If the GFUI says “no artwork” then a portion of your artwork is out of bounds and you need to move it back in bounds.
Ah. You’ve run into the “edge of the world”. If you look at the interface, there’s a “grayed out” area at the edges of the camera view. That indicates places that the laser can’t physically access. Now SOMETIMES if you use a slower speed and less power, you can make the accessible area larger, because the Glowforge takes into account braking/acceleration time when it calculates that area.
A slower-moving head needs less space to stop, so it lets you get a bit closer to the edge.
As far as “no artwork”, if your artwork extends past the available cutting space, that message pops up - one would assume to keep people from wasting time and material only to find that their artwork had a bit that was out of the laser’s range.
I have done this frequently as long as you do not want to cut in the “forbidden zone” with other than a horizontal line. I set all the cuts to as far as they can go, and then use a jeweler’s saw on the bits left. Or if you have a pro you can cut it rotated 90 degrees.
That’s perfect, thank you! I see by some other docs in that linked to article that the glowforge can’t “address” every portion of one of its stock pieces. This is one of those “getting used to it” things that I don’t have to deal with on my OMTech (I really need to get that back online!) but the GF bounding box layer will be an excellent guide for this. Thanks!

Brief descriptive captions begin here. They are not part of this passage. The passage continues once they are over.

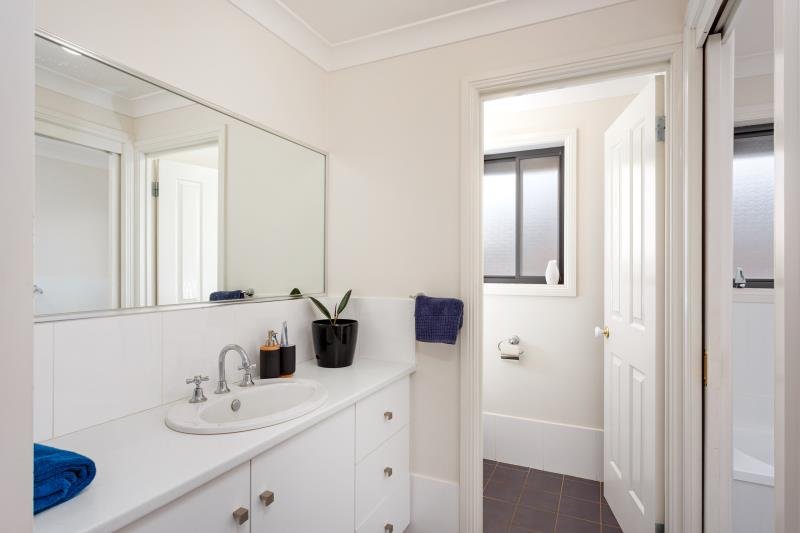 11 Mirrul Street GLENFIELD PARK 7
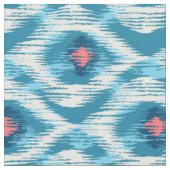 Stoff mit blauem Ikat-Muster (Nahaufnahme)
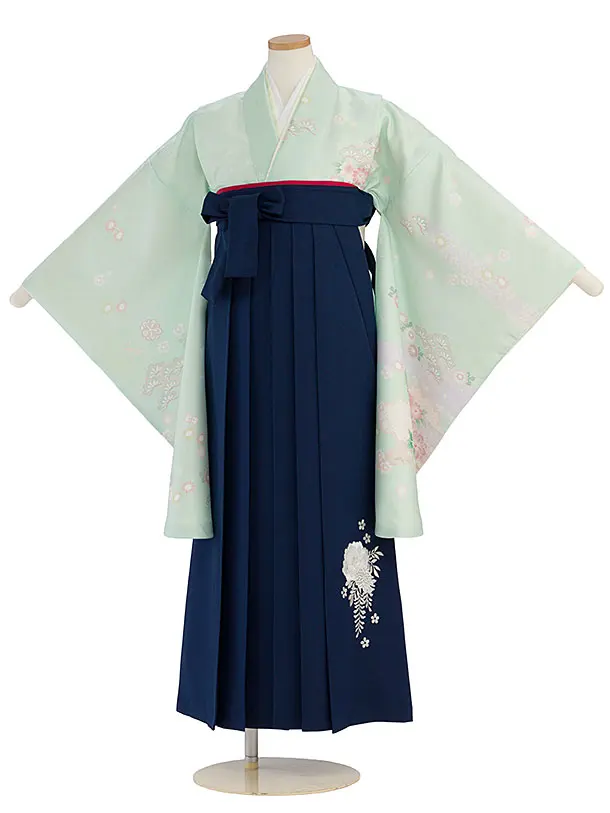 小学生卒業式かんたん袴（女の子）A129 薄緑 秀花瑞祥／紺袴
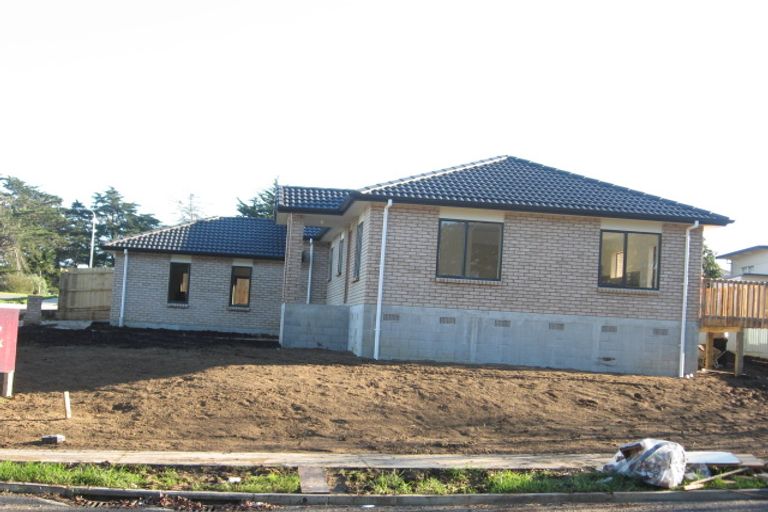 Photo of property in 1 Ramwall Place, Weymouth, Auckland, 2103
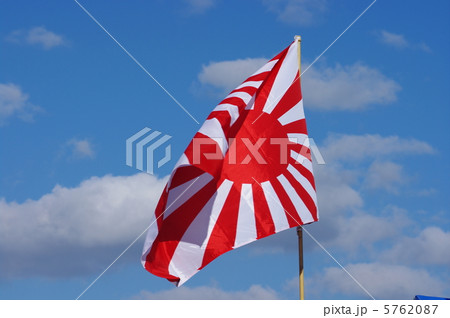 青空と海軍旗 旭日旗 軍艦旗 青空と海軍旗 旭日旗 軍艦旗 5762087
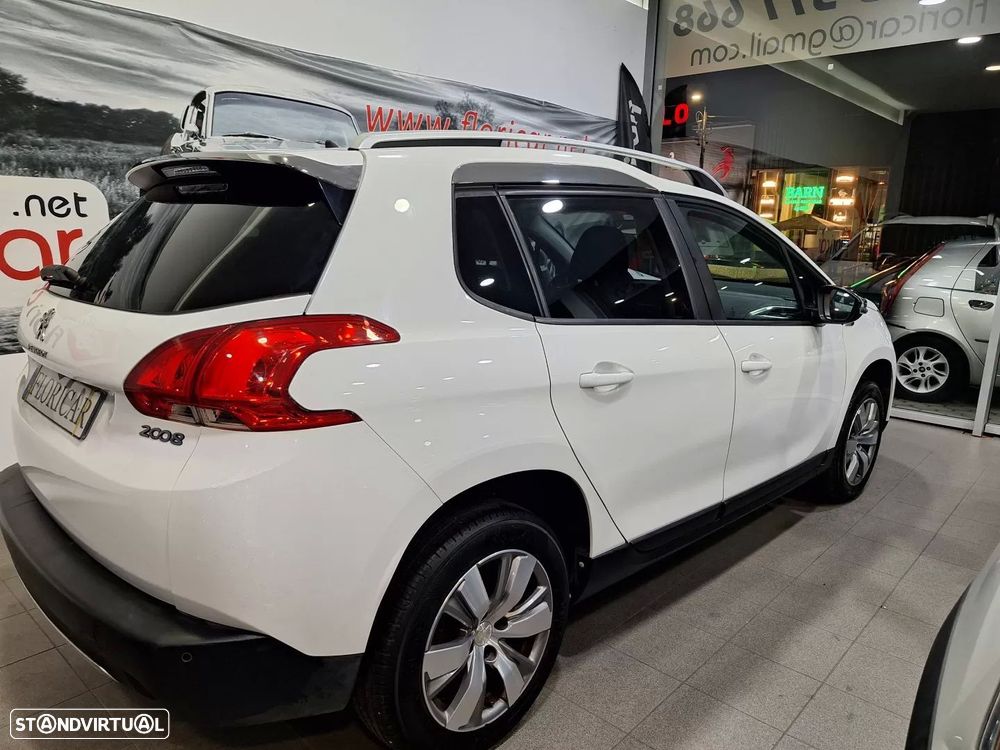 Peugeot 2008 82 VTI Allure - 21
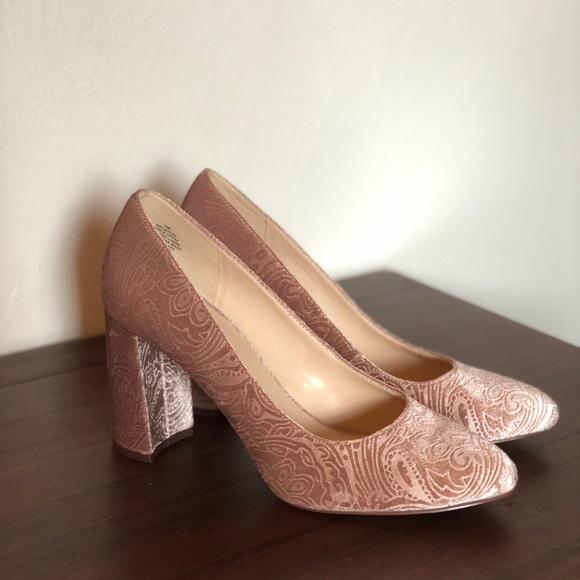 nine west velvet heels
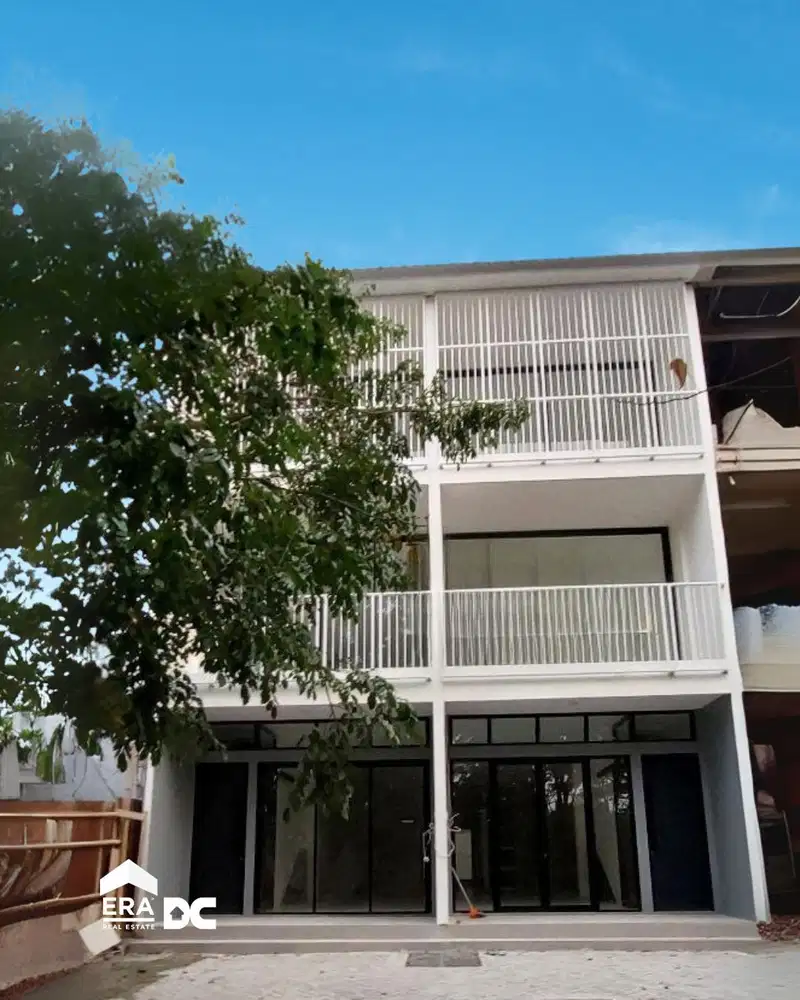 Ruko 3 Lantai Bangunan Baru Strategis di Semarang Indah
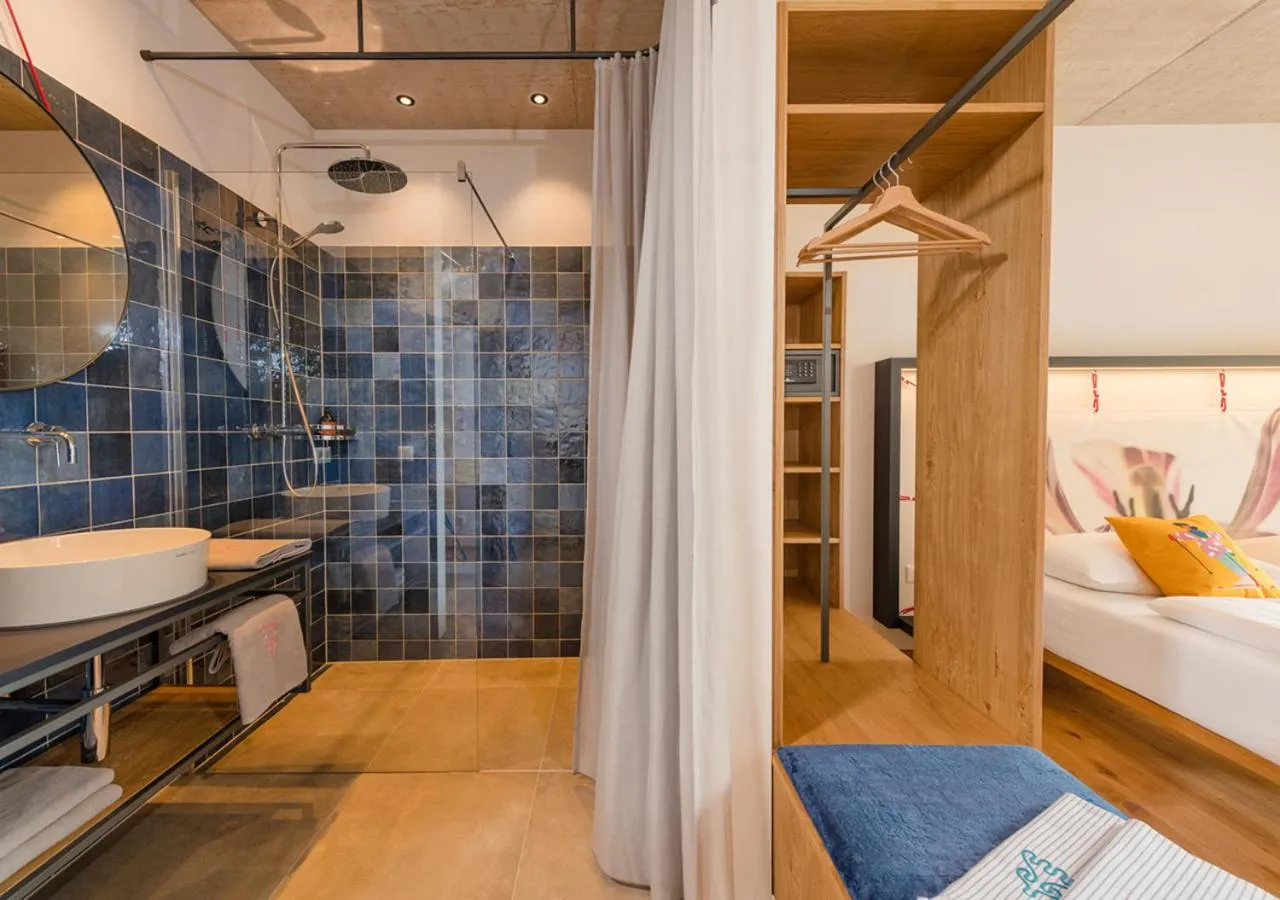 Bathroom, Bed in Hotel Blü Gastein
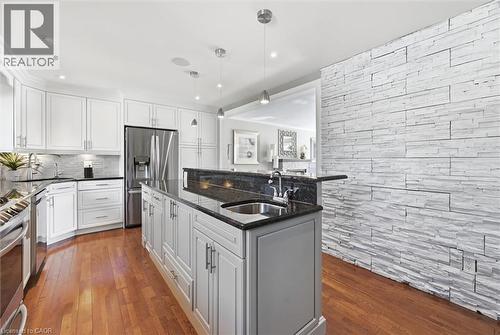 3299 Spruce Avenue, Burlington, ON - Indoor Photo Showing Kitchen With Upgraded Kitchen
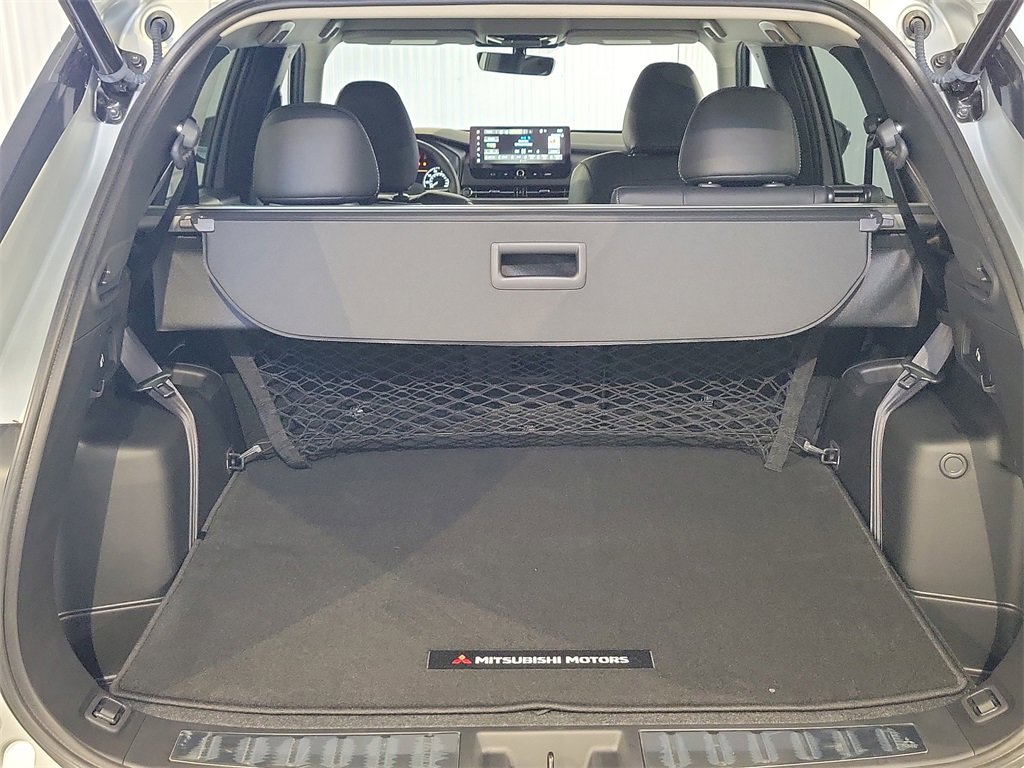 New 2025 Mitsubishi Outlander SE image 7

I know your question has been answered, but some suppliers offer sheets that are better suited to the Glowforge. Columbia Forest ply from The Home Depot is an example, but even those waste vertical space as they are 12"x19". The max cutting area on my original Pro is 19.472 W x 10.972 H, so they are a touch too narrow but an inch too tall.
Other than acrylic for “ear savers” during the start of the pandemic, I haven’t bought Glowforge Proofgrade materials in a long time. I just buy locally, and cut to the size I want. I have a “frame” I cut from a full-sized Proofgrade sheet, using the maximum-sized rectangle that will fit (per above), so if I use smaller pieces, I can drop it onto the tray and align my material with that.
More often than not, however, I am using scraps or much smaller pieces, and I’ll just grab something with parallel sides and ensure my material is close to “square” on the tray. Yesterday I was working with 4.5" tall veneer, so I grabbed a box for a product I had sitting nearby and just used that to straighten up the material relative to the front door. That put my work area directly under the lid camera.
Good plan. I have some pieces of wood in varying widths and thicknesses that I use to space projects square to the front door and under the camera. They also double as risers for times when the crumb tray is out.